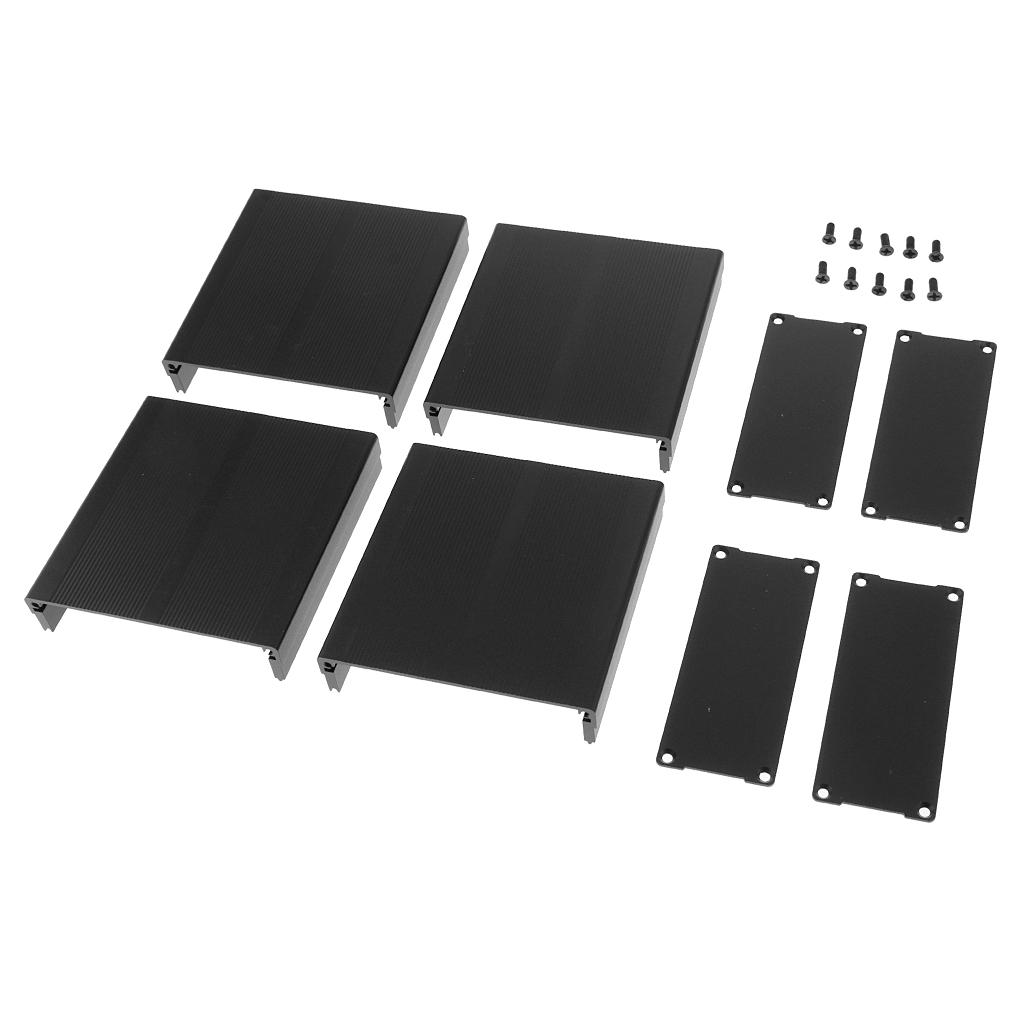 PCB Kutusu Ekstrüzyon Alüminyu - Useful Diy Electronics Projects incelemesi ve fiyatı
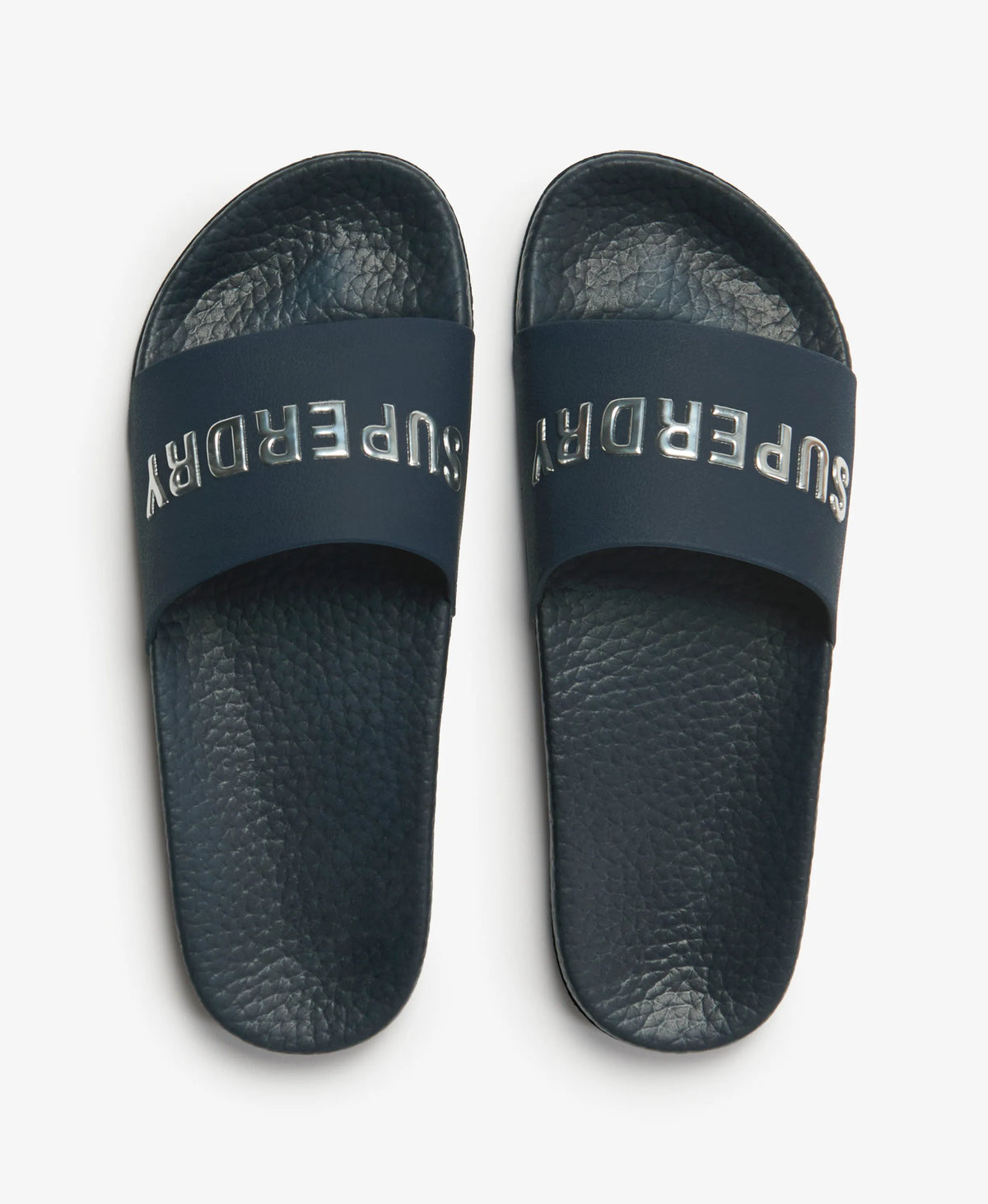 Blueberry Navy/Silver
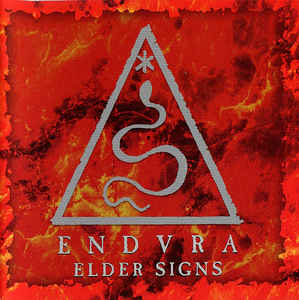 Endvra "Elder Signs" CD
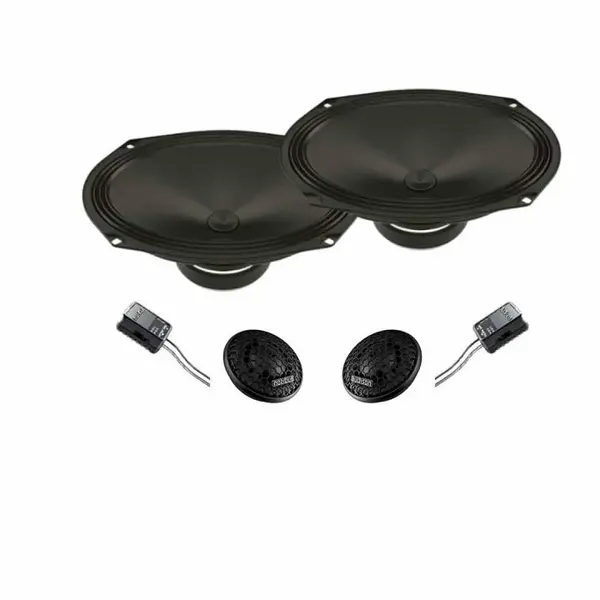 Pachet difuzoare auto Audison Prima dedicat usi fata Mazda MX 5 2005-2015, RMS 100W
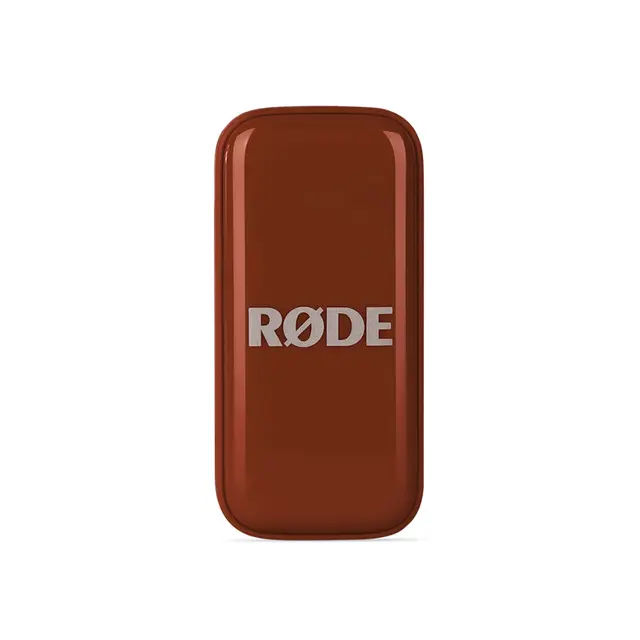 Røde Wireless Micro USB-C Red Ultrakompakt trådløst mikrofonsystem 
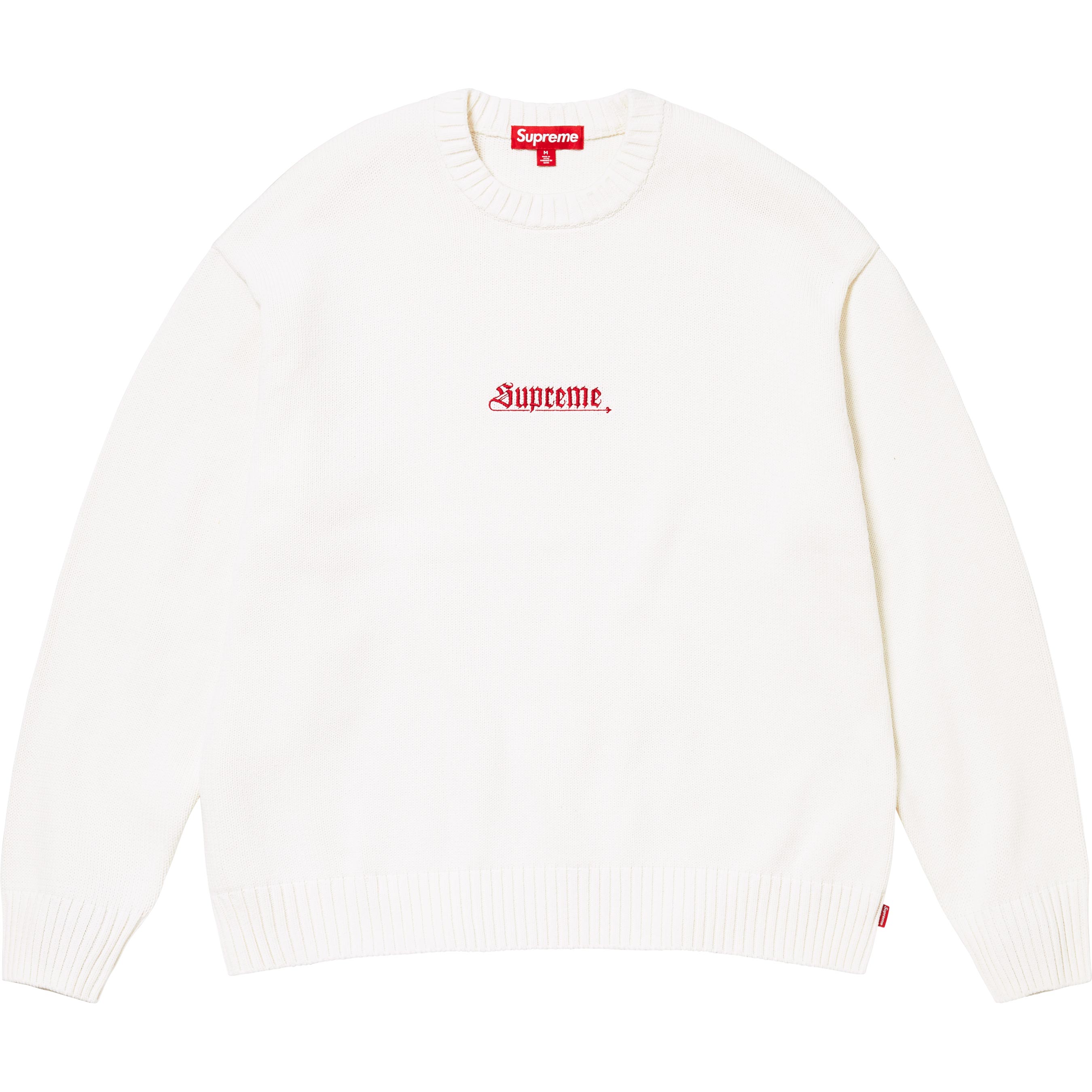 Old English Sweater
◆ ◆ ◆ ◆ ◆
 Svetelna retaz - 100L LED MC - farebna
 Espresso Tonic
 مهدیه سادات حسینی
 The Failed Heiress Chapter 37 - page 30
◆ ◆ ◆ ◆ ◆
- EXERCISE:
Exactly the lines starting at the one above with "Pachet difuzoare auto" and ending at the one with "Old English Sweater" should be printed, and nothing else. Omit the pictures.

- EXERCISE RESULT:
 Pachet difuzoare auto Audison Prima dedicat usi fata Mazda MX 5 2005-2015, RMS 100W
 Røde Wireless Micro USB-C Red Ultrakompakt trådløst mikrofonsystem 
 Old English Sweater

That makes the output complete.